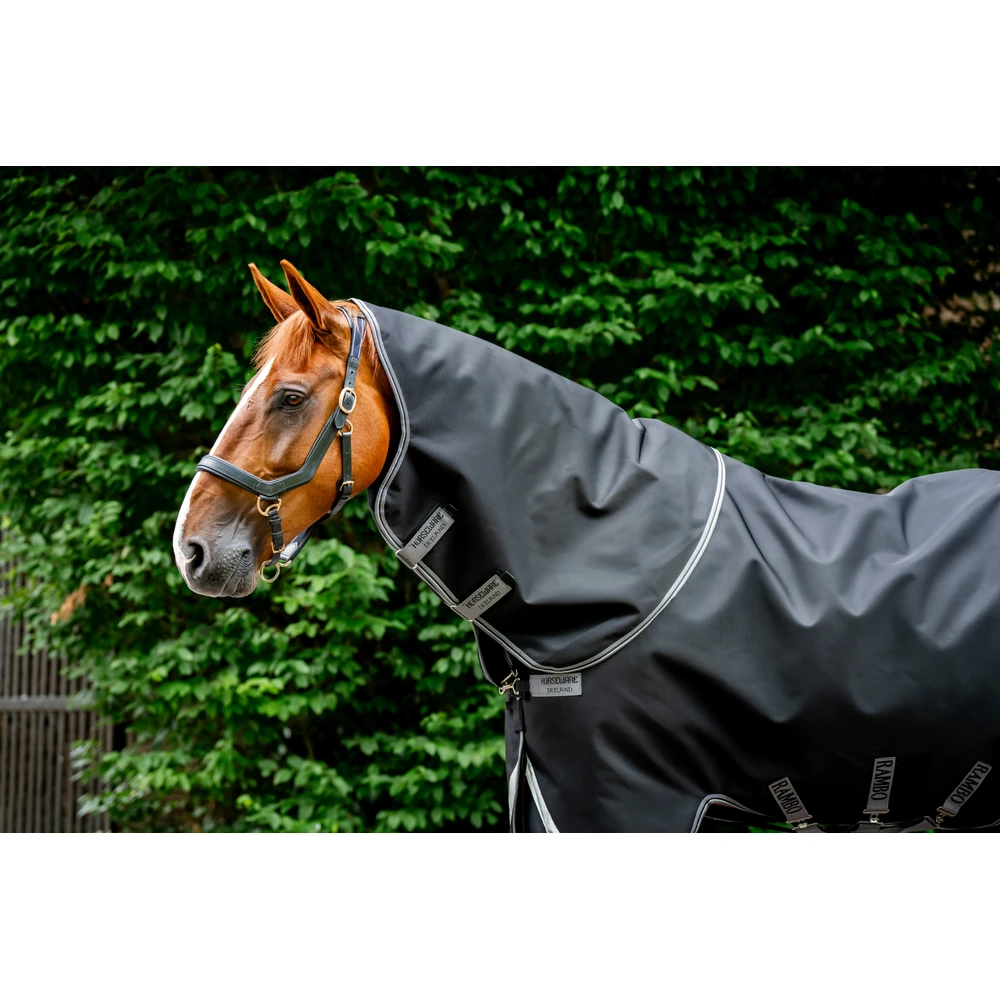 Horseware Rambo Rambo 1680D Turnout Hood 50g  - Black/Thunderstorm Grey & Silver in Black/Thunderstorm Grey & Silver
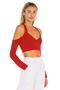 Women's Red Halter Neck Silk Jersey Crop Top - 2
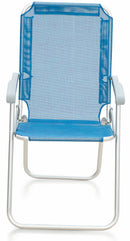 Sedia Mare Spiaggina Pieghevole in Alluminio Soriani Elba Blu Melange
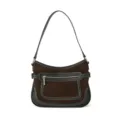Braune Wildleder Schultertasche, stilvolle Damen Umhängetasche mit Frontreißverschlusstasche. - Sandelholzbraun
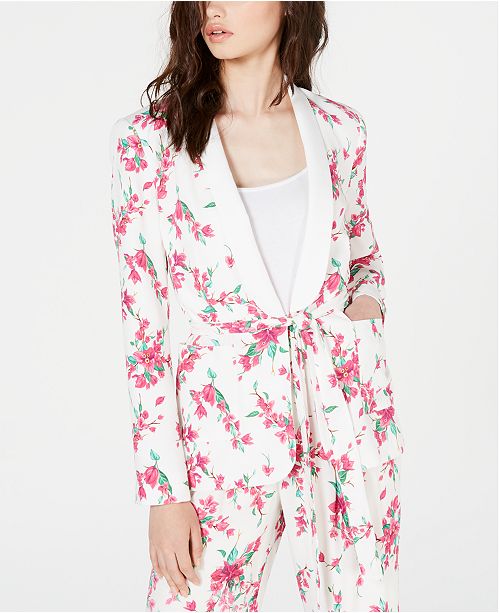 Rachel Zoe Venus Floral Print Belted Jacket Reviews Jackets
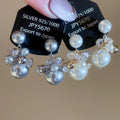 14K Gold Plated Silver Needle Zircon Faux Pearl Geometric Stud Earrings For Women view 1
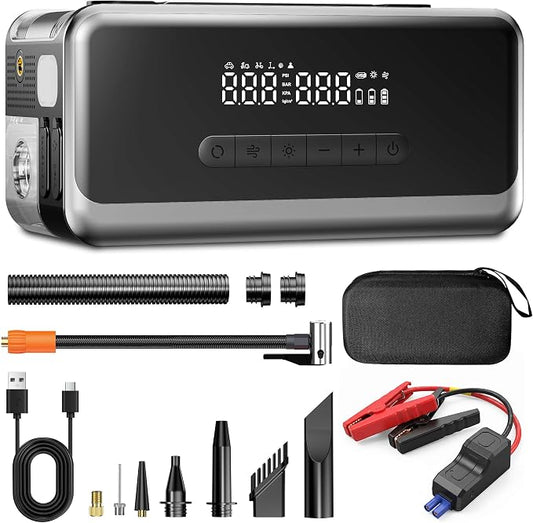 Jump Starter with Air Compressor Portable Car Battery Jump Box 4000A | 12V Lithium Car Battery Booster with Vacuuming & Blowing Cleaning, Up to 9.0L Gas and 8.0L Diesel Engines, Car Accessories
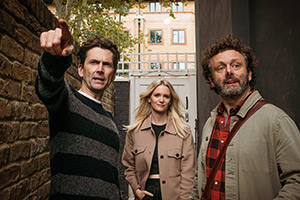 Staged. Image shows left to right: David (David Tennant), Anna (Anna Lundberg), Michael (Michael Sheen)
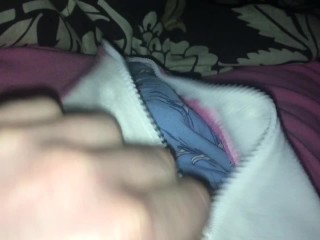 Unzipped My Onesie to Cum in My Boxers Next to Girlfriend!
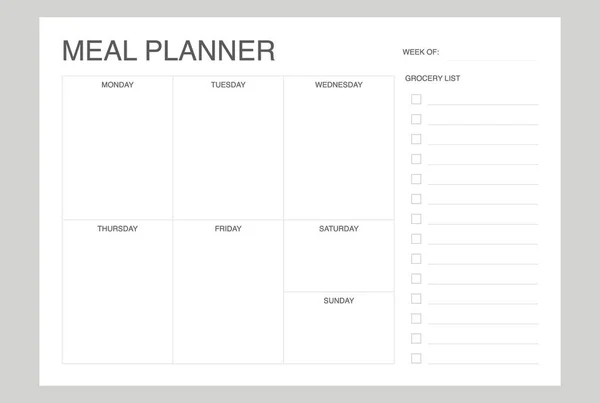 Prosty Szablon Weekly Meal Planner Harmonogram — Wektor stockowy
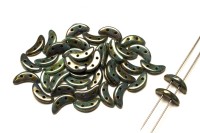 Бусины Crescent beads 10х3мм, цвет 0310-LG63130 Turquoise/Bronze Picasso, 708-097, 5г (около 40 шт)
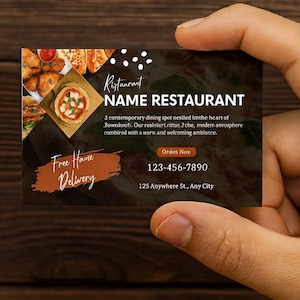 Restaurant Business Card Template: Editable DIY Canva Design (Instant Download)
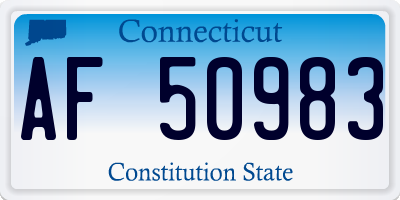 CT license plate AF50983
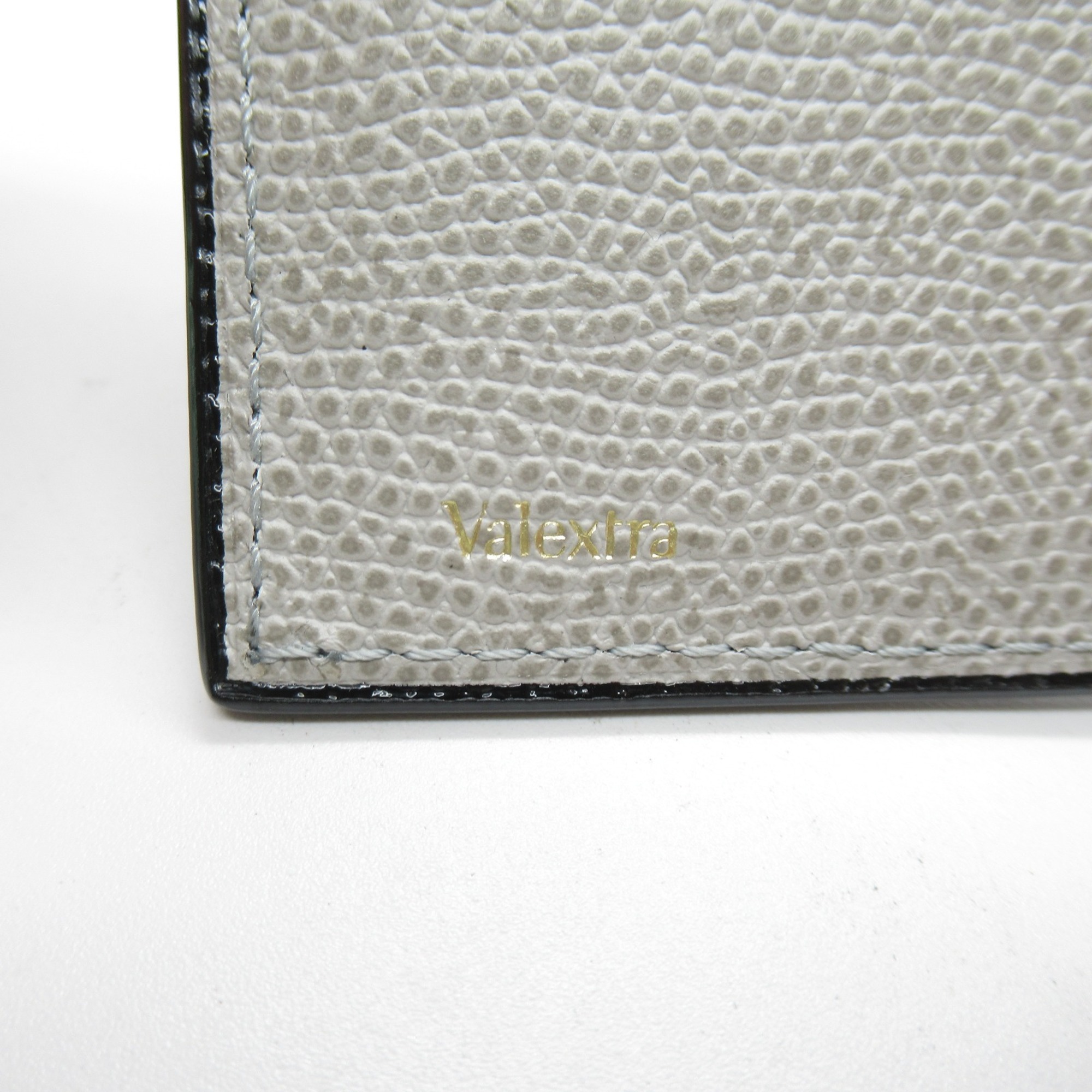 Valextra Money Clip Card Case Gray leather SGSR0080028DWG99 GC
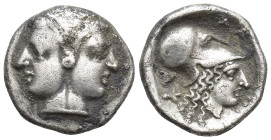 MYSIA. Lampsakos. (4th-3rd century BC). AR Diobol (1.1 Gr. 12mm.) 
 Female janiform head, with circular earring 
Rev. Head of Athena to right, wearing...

○ ○ ○ ○ ○

## ACTIVITY
Repeat all the records exactly, images excluded.

## SOLUTION FOR THIS PROBLEM
 Horseware Rambo Rambo 1680D Turnout Hood 50g  - Black/Thunderstorm Grey & Silver in Black/Thunderstorm Grey & Silver
 Women's Red Halter Neck Silk Jersey Crop Top - 2
 Sedia Mare Spiaggina Pieghevole in Alluminio Soriani Elba Blu Melange
Braune Wildleder Schultertasche, stilvolle Damen Umhängetasche mit Frontreißverschlusstasche. - Sandelholzbraun
 Rachel Zoe Venus Floral Print Belted Jacket Reviews Jackets
 14K Gold Plated Silver Needle Zircon Faux Pearl Geometric Stud Earrings For Women view 1
 Jump Starter with Air Compressor Portable Car Battery Jump Box 4000A | 12V Lithium Car Battery Booster with Vacuuming & Blowing Cleaning, Up to 9.0L Gas and 8.0L Diesel Engines, Car Accessories
 Staged. Image shows left to right: David (David Tennant), Anna (Anna Lundberg), Michael (Michael Sheen)
 Unzipped My Onesie to Cum in My Boxers Next to Girlfriend!
 Prosty Szablon Weekly Meal Planner Harmonogram — Wektor stockowy
 Бусины Crescent beads 10х3мм, цвет 0310-LG63130 Turquoise/Bronze Picasso, 708-097, 5г (около 40 шт)
 Restaurant Business Card Template: Editable DIY Canva Design (Instant Download)
 CT license plate AF50983
 Valextra Money Clip Card Case Gray leather SGSR0080028DWG99 GC
 MYSIA. Lampsakos. (4th-3rd century BC). AR Diobol (1.1 Gr. 12mm.) 
 Female janiform head, with circular earring 
Rev. Head of Athena to right, wearing...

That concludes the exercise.